Con la madre Teresa de Calcuta

En su libro dice que hoy hay una misión urgente: Italia.
Mi experiencia me lleva a decir que todos tienen necesidad de Cristo, y cuando miro a Italia pienso: Italia también, porque está perdiendo a Cristo. Gran parte del mundo católico ha perdido el sentido de quién es Jesucristo a partir del 68. Es cierto que aquí hay un pueblo cristianizado, los valores son los del cristianismo, pero falta Cristo. Y si falta Cristo, como decía Pablo VI, los valores cristianos más grandes se vuelven enseguida des-valores.

¿Cómo se vive la misión en Italia?
Tenemos mucho que aprender las iglesias jóvenes, la escuela de la misión, pero es muy difícil atraernos ese espíritu. El párroco de una parroquia del sur de Milán estuvo 18 años en Zambia y decía: «Volví de África con muchas ideas. La situación es muy distinta, pero hace falta ese espíritu. El Papa está intentado aplicar a la situación de la vieja Europa esta frescura, que se traduce en actos concretos, pero no es fácil».
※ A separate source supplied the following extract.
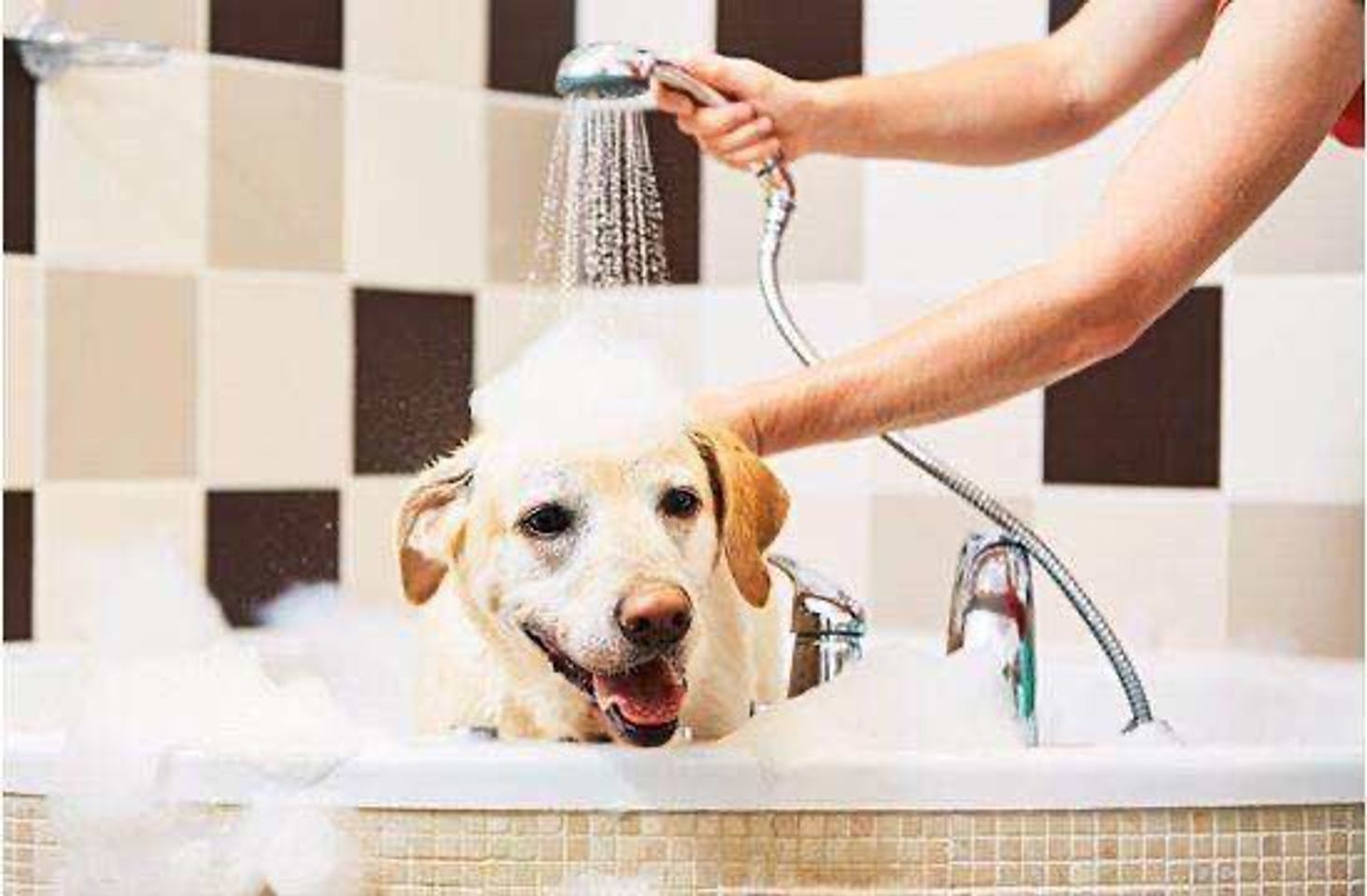 Voucher dịch vụ tắm cắt cạo lông cho chó từ 11kg tới 20kg 2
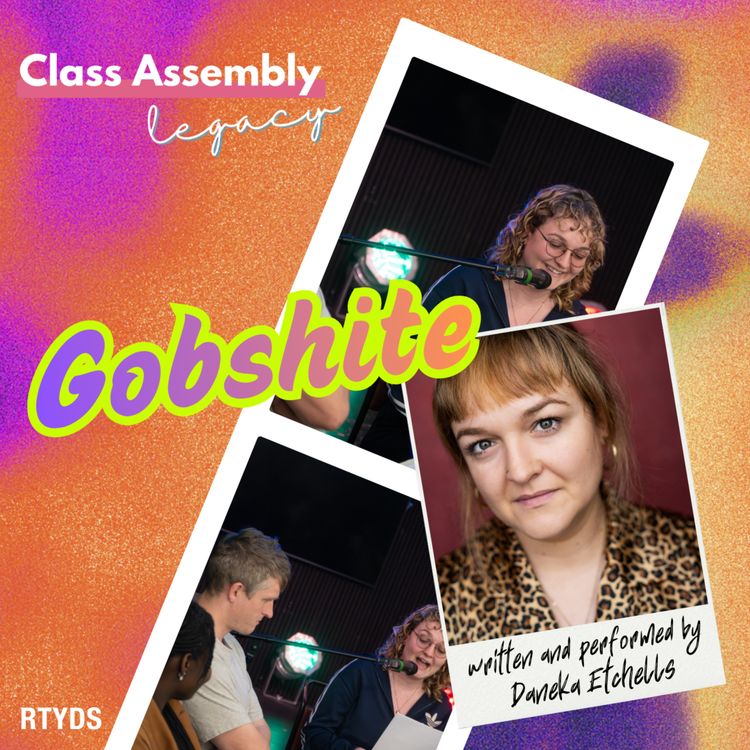 cover art for Gobshite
Su libro llega precisamente hasta el papa Francisco.
¡Estoy contentísimo! Es el Papa que viene de la Iglesia fundada por los misioneros y ha mantenido ese espíritu. Estar con la gente, simplificarlo todo, hablar directamente con todos. Lo dice él. La Iglesia que no sale de sí misma para evangelizar padece narcisismo teológico, ¡es verdad! Todos envejecen un poco, yo lo veo clarísimo. Hay cansancio, y si uno no reacciona, está acabado.

¿Qué es lo más importante en la misión?
El fundamento es la oración, la comunicación con Dios, dar a Dios su tiempo. Si un sacerdote no reza al menos dos horas y media al día, entre misa, breviario, lectura espiritual, visita al Santísimo y rosario, no va a poder, porque pesan sobre él miles de emergencias. Es cierto que luego está el pensar en Dios, pero es no basta, no basta, no basta. Los santos nos enseñan esto. Hay que darle a Dios su tiempo. Y esto vale para todos los creyentes. Hace unos días vino a verme una pareja joven. «Chicos, ¿rezáis el rosario?». «Sí, a veces». «Por la noche, apagad la televisión y poneos delante del reloj. Dedicad veinte minutos a Dios». Hay que encontrar tiempo para construir esa celda del corazón donde está Dios, lo notas y lo vives. ¿Pero usted está grabando esto? (mira la pequeña grabadora digital; ndr). Yo tengo una grabadora de las antiguas… ¡Tengo que convertirme! El drama es que hay que convertirse siempre. En todos los sentidos.